Web scraper/archiver - crate recommendations?

Was discussing on Discord and thought I'd keep it going in an easier to search format.

Let's say I wanted to build a Wayback Machine like archive.org, or a multi-domain end-to-end testing system. What would be needed for a high-performance variant?

Ideas (just crates.io links):

Parse HTML

Download (basic HTTP requests)

Download (gather associated CSS, JS, HTML but no JS rendering / AJAX)

Download (CSS, JS, HTML, JS rendering, AJAX, screenshots)

Storage

1 Like

I think the biggest component you are missing for a Wayback Machine is some sort of job queue or higher-level scheduler.
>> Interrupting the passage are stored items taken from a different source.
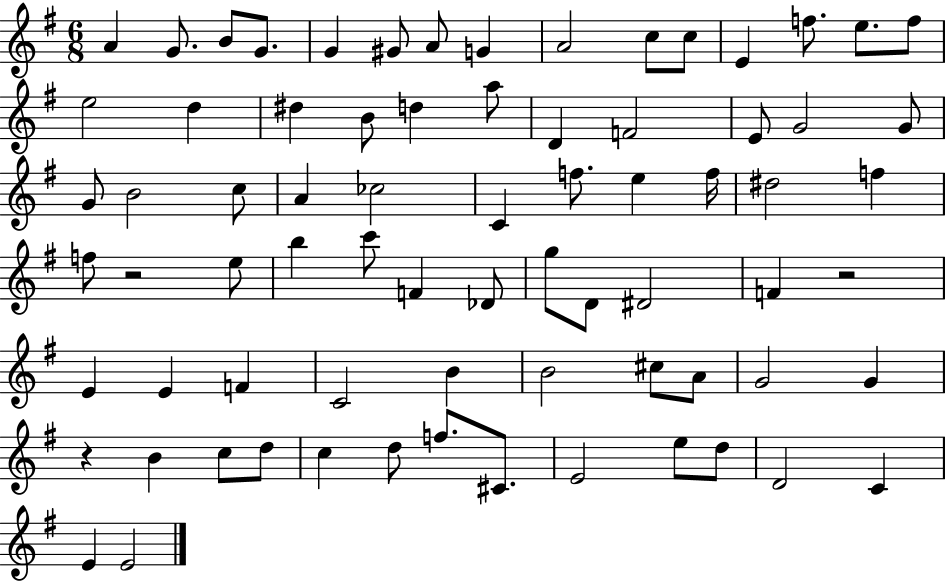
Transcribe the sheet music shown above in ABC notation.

X:1
T:Untitled
M:6/8
L:1/4
K:G
A G/2 B/2 G/2 G ^G/2 A/2 G A2 c/2 c/2 E f/2 e/2 f/2 e2 d ^d B/2 d a/2 D F2 E/2 G2 G/2 G/2 B2 c/2 A _c2 C f/2 e f/4 ^d2 f f/2 z2 e/2 b c'/2 F _D/2 g/2 D/2 ^D2 F z2 E E F C2 B B2 ^c/2 A/2 G2 G z B c/2 d/2 c d/2 f/2 ^C/2 E2 e/2 d/2 D2 C E E2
Having some sort of scheduler component will give you nice things like being able to resume crawling, track which pages have been seen and when, the ability to scale out to multiple workers, re-scheduling pages that seem to have 500'd spuriously or failed to connect, retries when a worker stops responding, and so on.

To that end, I would probably add the following:

  • sqlx - for interacting with a database
  • tonic - for communicating between the master node and workers

You may also want to reconsider using browser automation for viewing pages. Using a browser to view bulk pages will be super slow, memory-intensive, and mean you can't really scrape pages concurrently. This is what the Selenium docs say:

Link spidering

Using WebDriver to spider through links is not a recommended practice. Not because it cannot be done, but because WebDriver is definitely not the most ideal tool for this. WebDriver needs time to start up, and can take several seconds, up to a minute depending on how your test is written, just to get to the page and traverse through the DOM.

Instead of using WebDriver for this, you could save a ton of time by executing a curl command, or using a library such as BeautifulSoup since these methods do not rely on creating a browser and navigating to a page. You are saving tonnes of time by not using WebDriver for this task.

Let's also throw in this crate for good measure:

  • robotstxt - so you can respect a site's robots.txt file

I agree; using a rendering system like PhantomJS or one of the headless forms of the modern browsers will dramatically slow everything down.

I just don't know any other way of:

  • Screenshot capture of website
  • Clicking
    • Accept / I agree (GDPR);
    • Close notification/newsletter modal

Obviously the regular crawl method can give me the assets (JS, CSS, images, fonts) but getting the screenshot would be handy and so many newer websites are heavy on the JS; it's almost impossible to browse with JavaScript disabled.


Good suggestions on the queue and tonic sides. Thanks

1 Like

There is a JS/TS engine wirtten in rust https://deno.com/ but I'm not sure if the JS part is usable from rust.

This topic was automatically closed 90 days after the last reply. We invite you to open a new topic if you have further questions or comments.